--- RECORDS FOR THE TASK Enclosed Below ---

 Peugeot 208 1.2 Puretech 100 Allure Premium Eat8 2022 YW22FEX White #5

--- End of Enclosed RECORDS FOR THE TASK ---
--- RECORDS FOR THE TASK Enclosed Below ---

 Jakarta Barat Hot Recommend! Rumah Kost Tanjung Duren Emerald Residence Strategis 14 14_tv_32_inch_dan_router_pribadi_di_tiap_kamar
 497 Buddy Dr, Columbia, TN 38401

--- End of Enclosed RECORDS FOR THE TASK ---

**EXERCISE**
Given the records above, return exactly the lines starting at the line containing "Jakarta Barat Hot" and ending at the line containing "497 Buddy Dr, Columbia, TN 38401", including both.

**EXERCISE ANSWER**
 Jakarta Barat Hot Recommend! Rumah Kost Tanjung Duren Emerald Residence Strategis 14 14_tv_32_inch_dan_router_pribadi_di_tiap_kamar
 497 Buddy Dr, Columbia, TN 38401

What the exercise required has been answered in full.